* **Records for the exercise**:
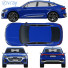 Coche Audi SQ8 Sportback E-Tron - zifir3d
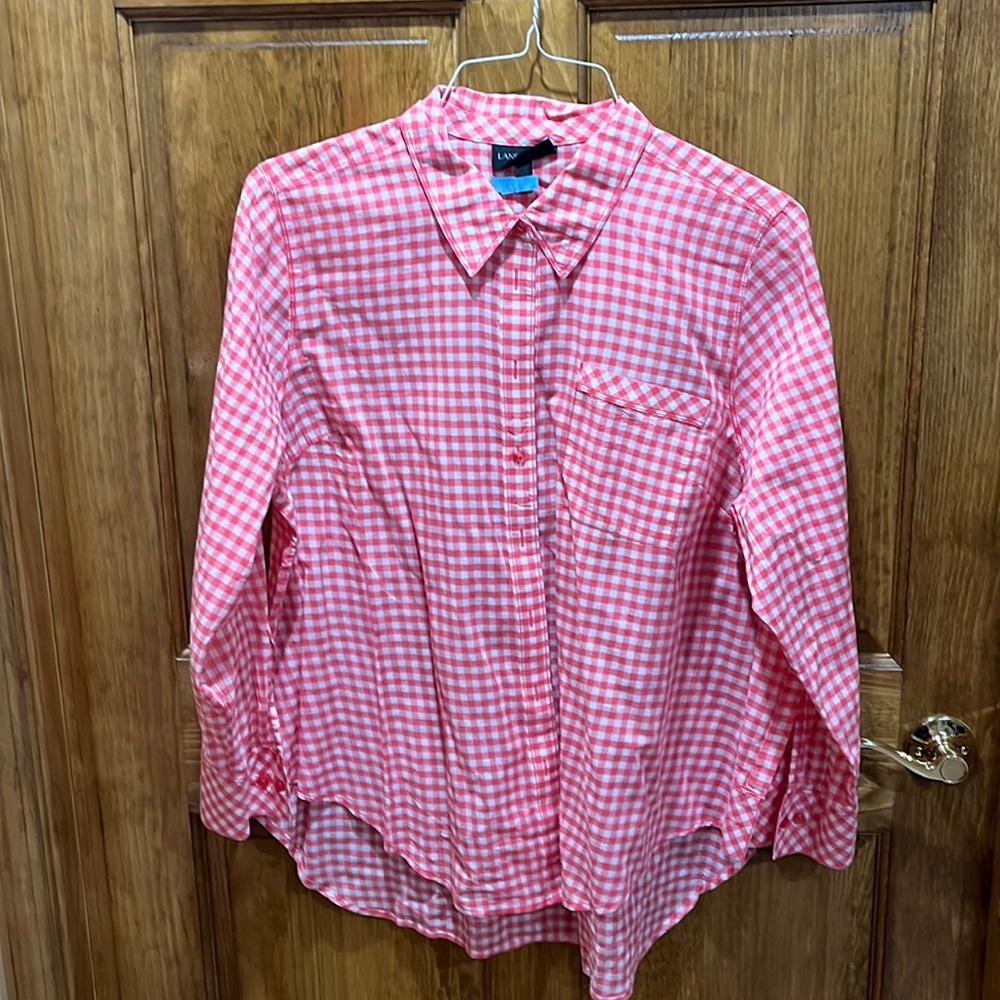 Lane Bryant Button Down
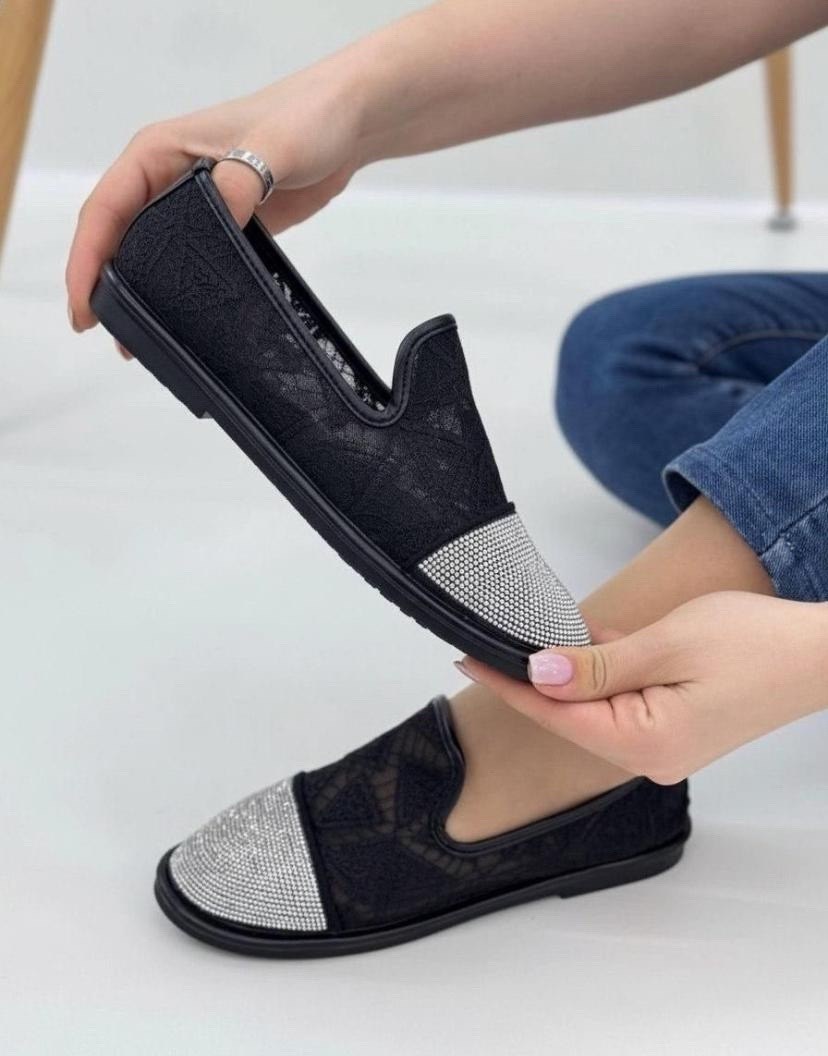 слипоны повседневные,женские слипоны,,балетки ,балетки сетка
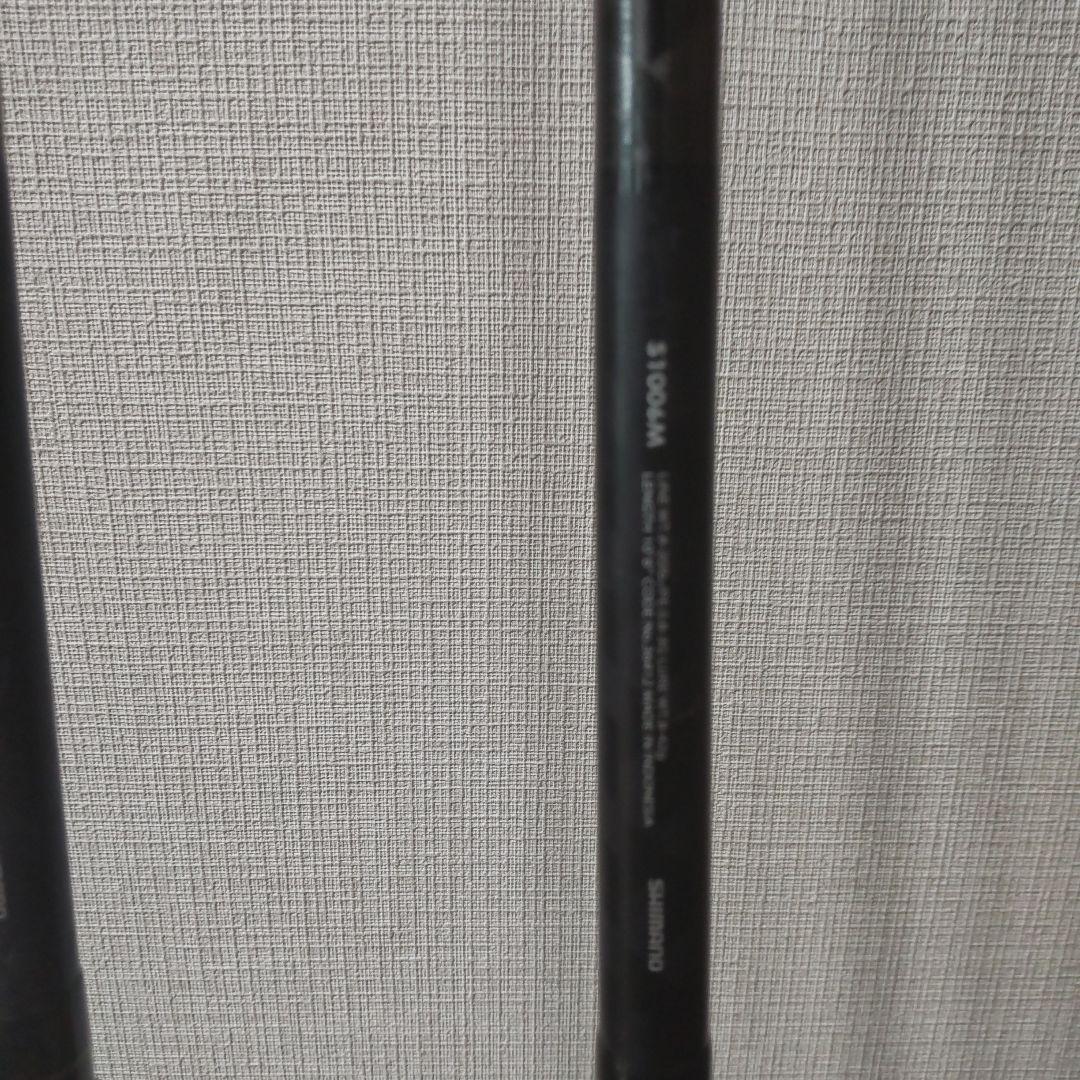 ◆ジャンク　SHIMANO　ルナミス　S1006M　バット2本セット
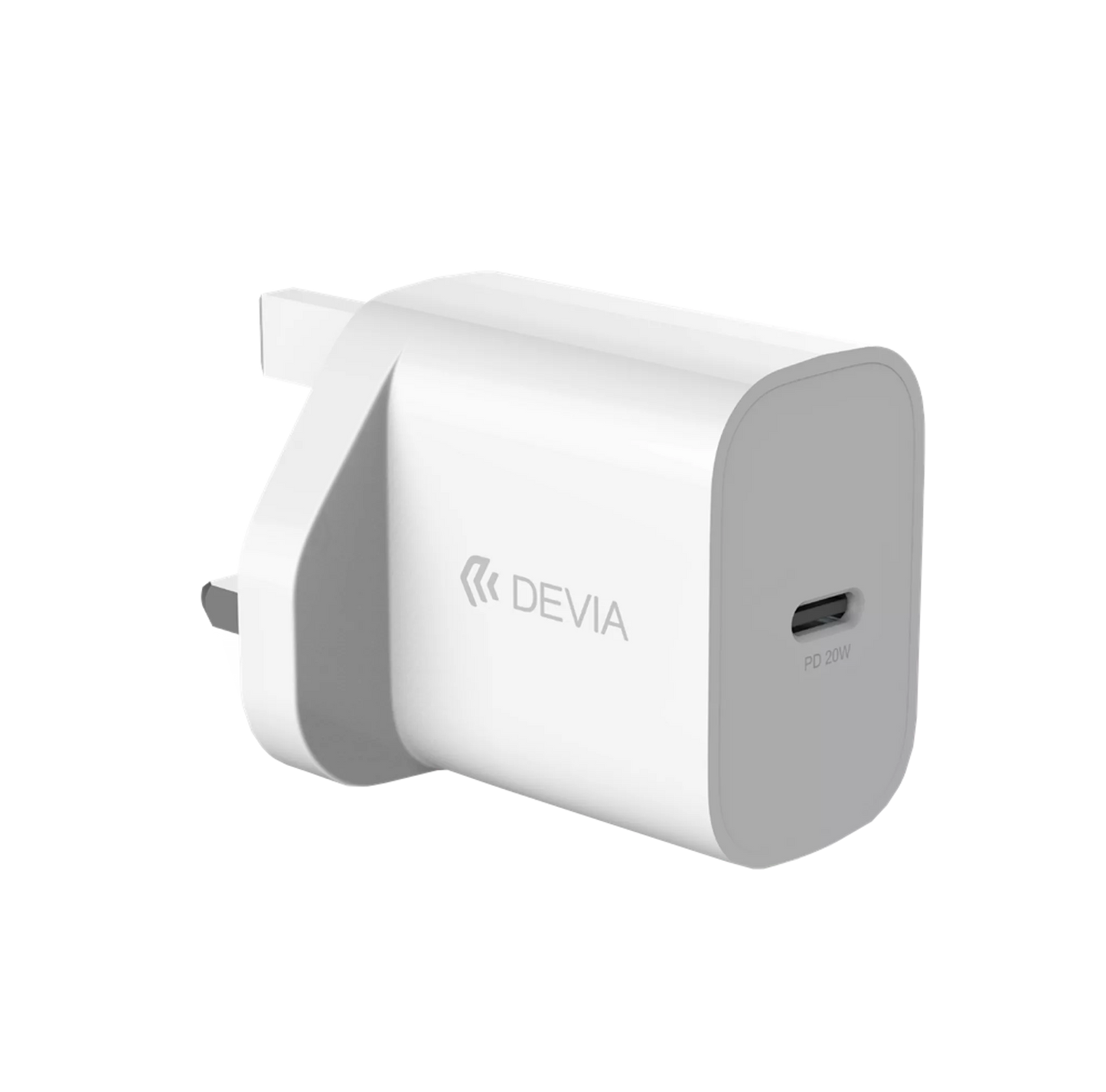 Devia Usb-C 20W UK Charger (111356)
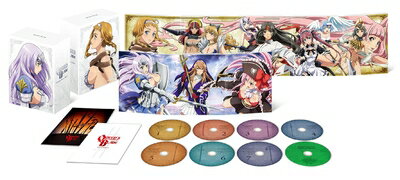 乐天商城 - 【中古】 クイーンズブレイド Complete Blu-ray BOX
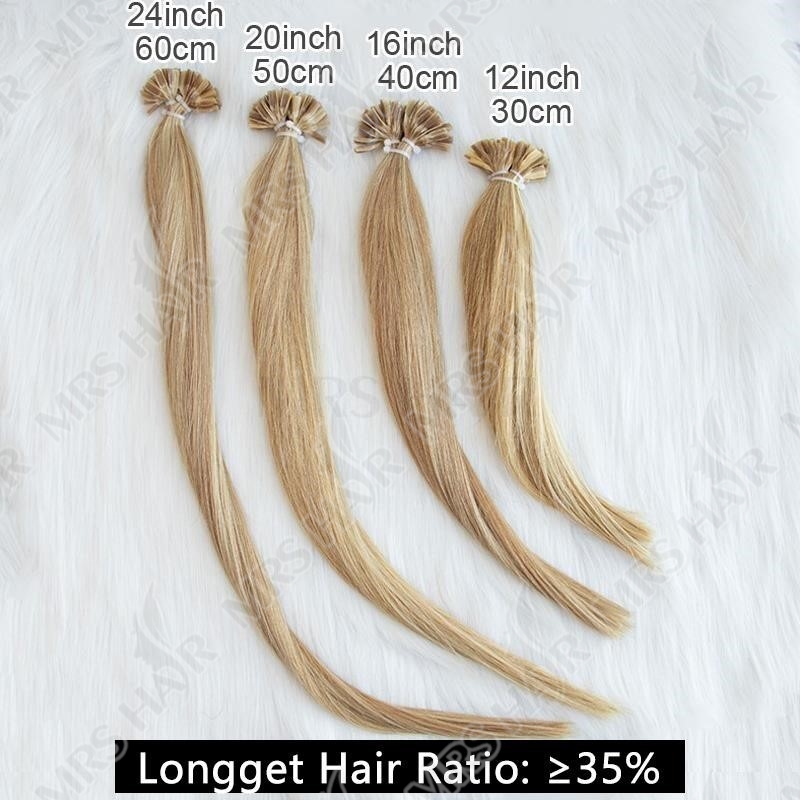 U Tip Fusion Hair Extensions B - Nail Art Ombre recension och pris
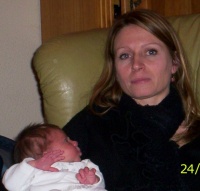 Arwen et sa tante Sandrine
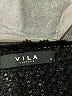 Vila 100% Polyester Black Sleeveless T-Shirt Size S - photo 7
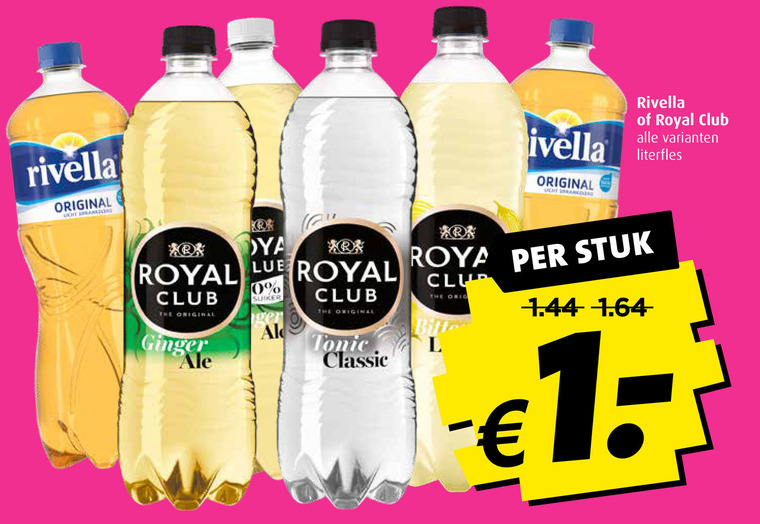 Rivella   frisdrank folder aanbieding bij  Boni - details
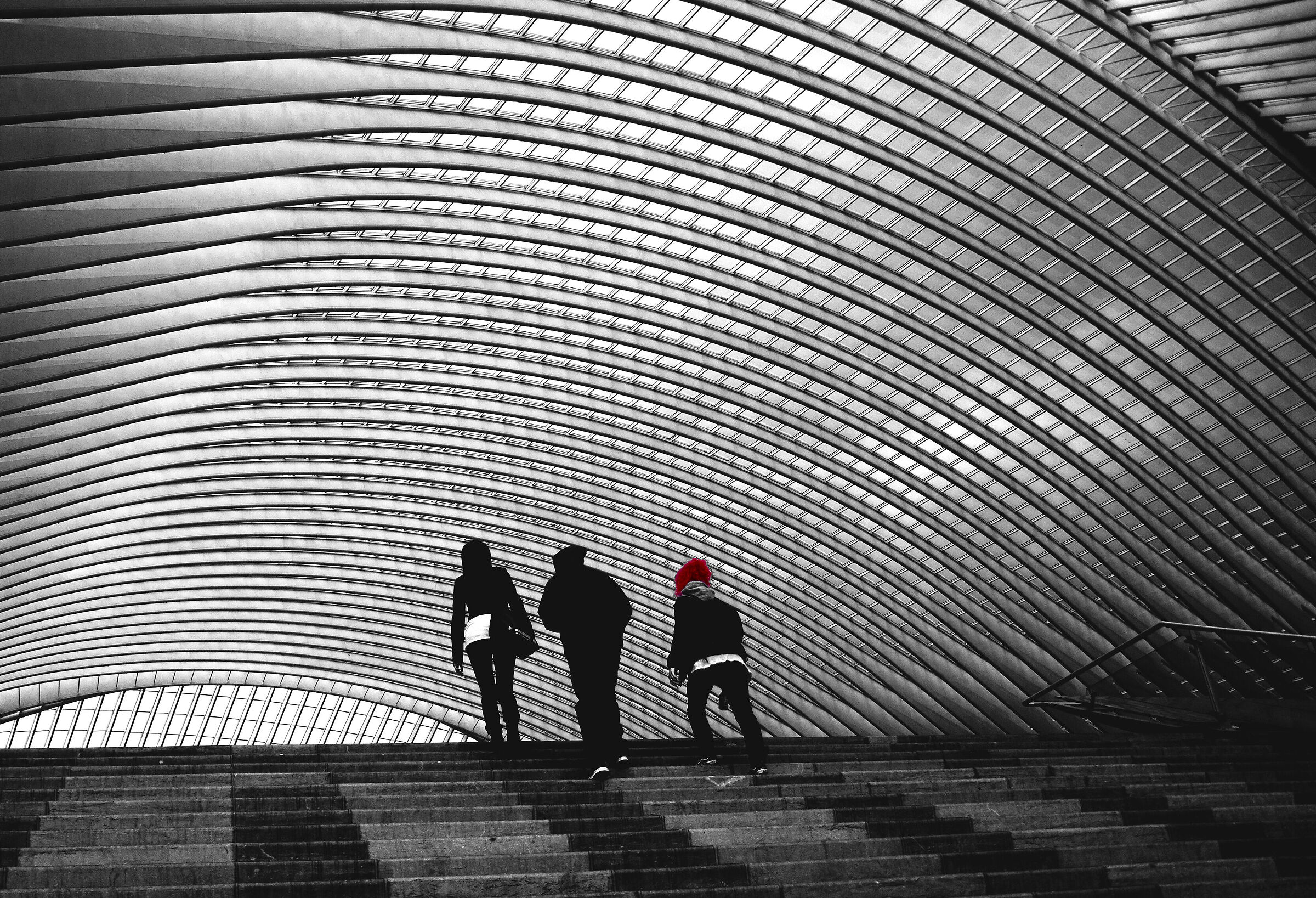Liège Train Station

* **Goal of the exercise**:
In the data above, the stretch from the line with "Lane Bryant Button Down" through the line with "Arwen et sa tante Sandrine" is to be returned exactly, minus any pictures.

* **Completed task**:
 Lane Bryant Button Down
 слипоны повседневные,женские слипоны,,балетки ,балетки сетка
 ◆ジャンク　SHIMANO　ルナミス　S1006M　バット2本セット
 Devia Usb-C 20W UK Charger (111356)
 乐天商城 - 【中古】 クイーンズブレイド Complete Blu-ray BOX
 U Tip Fusion Hair Extensions B - Nail Art Ombre recension och pris
 Arwen et sa tante Sandrine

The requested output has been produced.